If you’re feeling that this dialogue isn’t popping, the reasons might be more basic. There isn’t any conflict here. Since drama is conflict, the exchange feels a bit flat (undramatic). Conflict doesn’t have to be big, it can be subtle. Really it just means divergent goals. Character 1 wants A, character 2 wants B. If they both can’t get what they want, you have a conflict. Since screenwriting is my thing, I tend to look for conflict in dialogue. Tom wants to convey his thoughts about possession. Adele and Anny want to listen. Everyone’s desires are served, thus no conflict. What if Adele was interested in listening, but Anny wasn’t. Maybe she just wants to relax and so resists the serious tone the conversation is taking. Now you have a compound conversation driven by conflict.

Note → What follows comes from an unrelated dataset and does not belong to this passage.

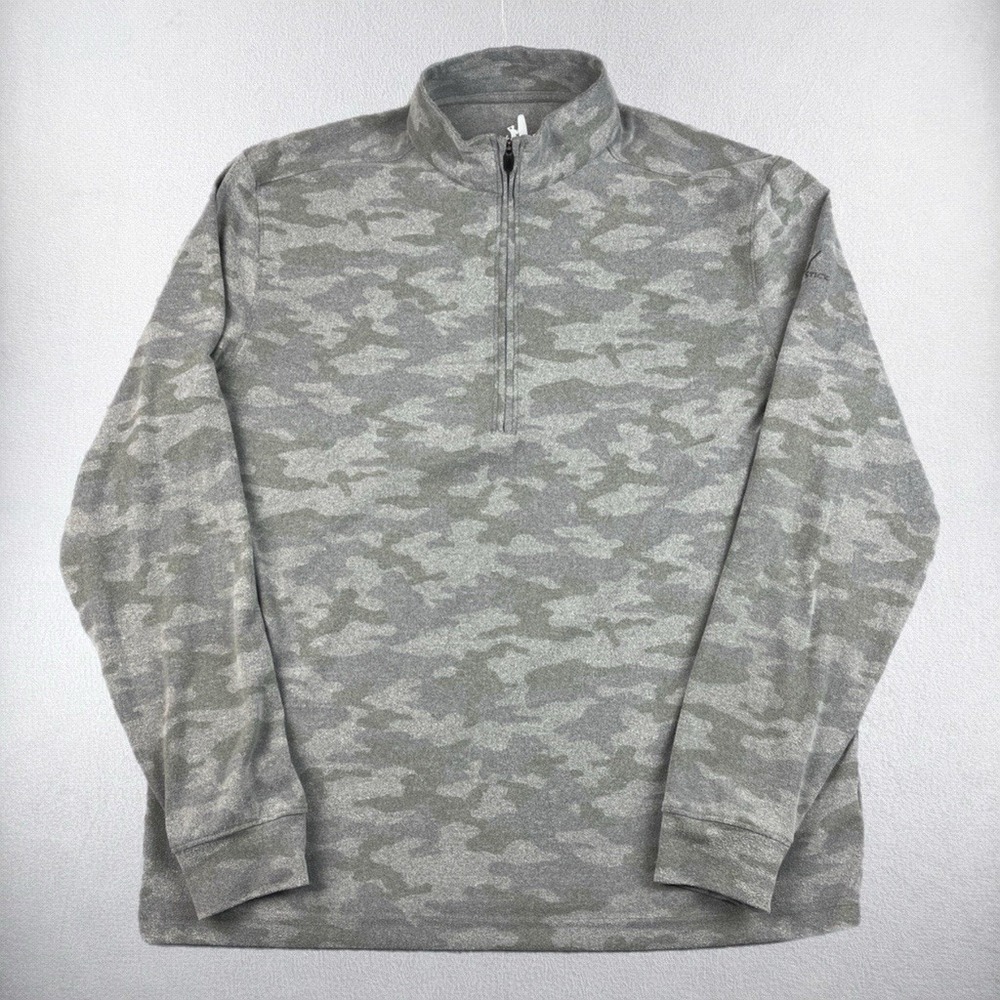 Johnnie O Pullover Men Medium Rodney Gray Camo Crooked Stick Golf Zip Sweater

Finally there is subtext. Maybe I have too small a piece of your story to tell, but I detect no subtext. This is what screenwriters call ‘on the nose’ writing, which means that what your characters are talking about is all they’re talking about - there’s nothing below the surface with a different or deeper meaning. Only for reasons of making the point, imagine this. Anny loves Tom, she doesn’t want to hear him waxing about nothing belonging to anyone, because she interprets it as his unwillingness to commit to anybody romantically. Thus the comments she feeds into the conversation suggest this other take and further drive the conflict. I know I’m speculating a lot, but it’s tough to interpret small pieces of narrative.